### [Directions]
Would you transcribe the entries below, beginning at the line with "Load image into" and ending after the line with "Glossy round marble", exactly, with no picture and nothing more?

### [Provided records]
○ ○ ○ ○ ○
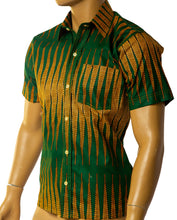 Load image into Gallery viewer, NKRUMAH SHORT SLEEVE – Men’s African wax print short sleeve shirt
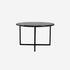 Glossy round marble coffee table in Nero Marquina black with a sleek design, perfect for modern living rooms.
○ ○ ○ ○ ○
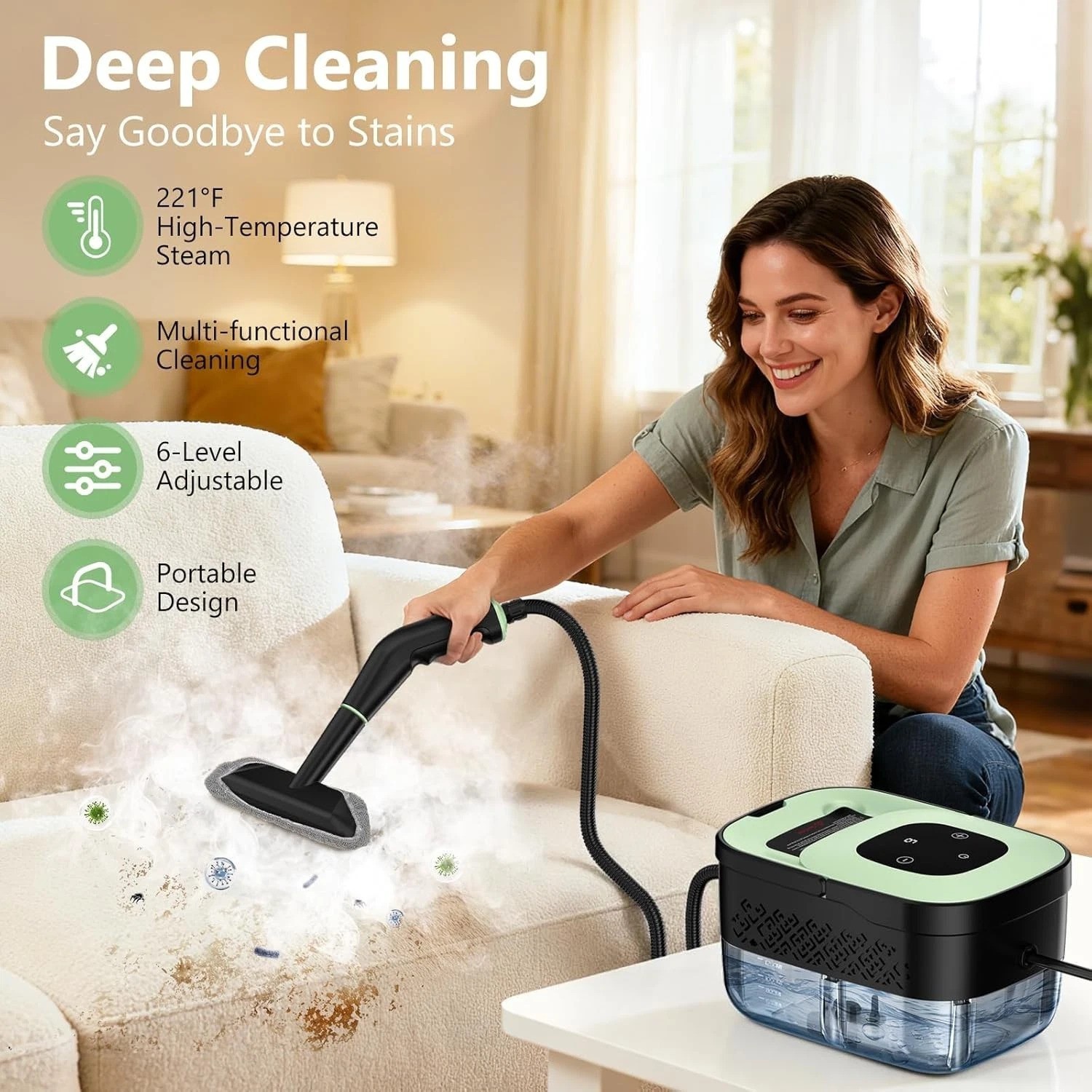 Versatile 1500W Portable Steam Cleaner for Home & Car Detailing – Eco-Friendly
○ ○ ○ ○ ○
### [Problem solution]
 Load image into Gallery viewer, NKRUMAH SHORT SLEEVE – Men’s African wax print short sleeve shirt
 Glossy round marble coffee table in Nero Marquina black with a sleek design, perfect for modern living rooms.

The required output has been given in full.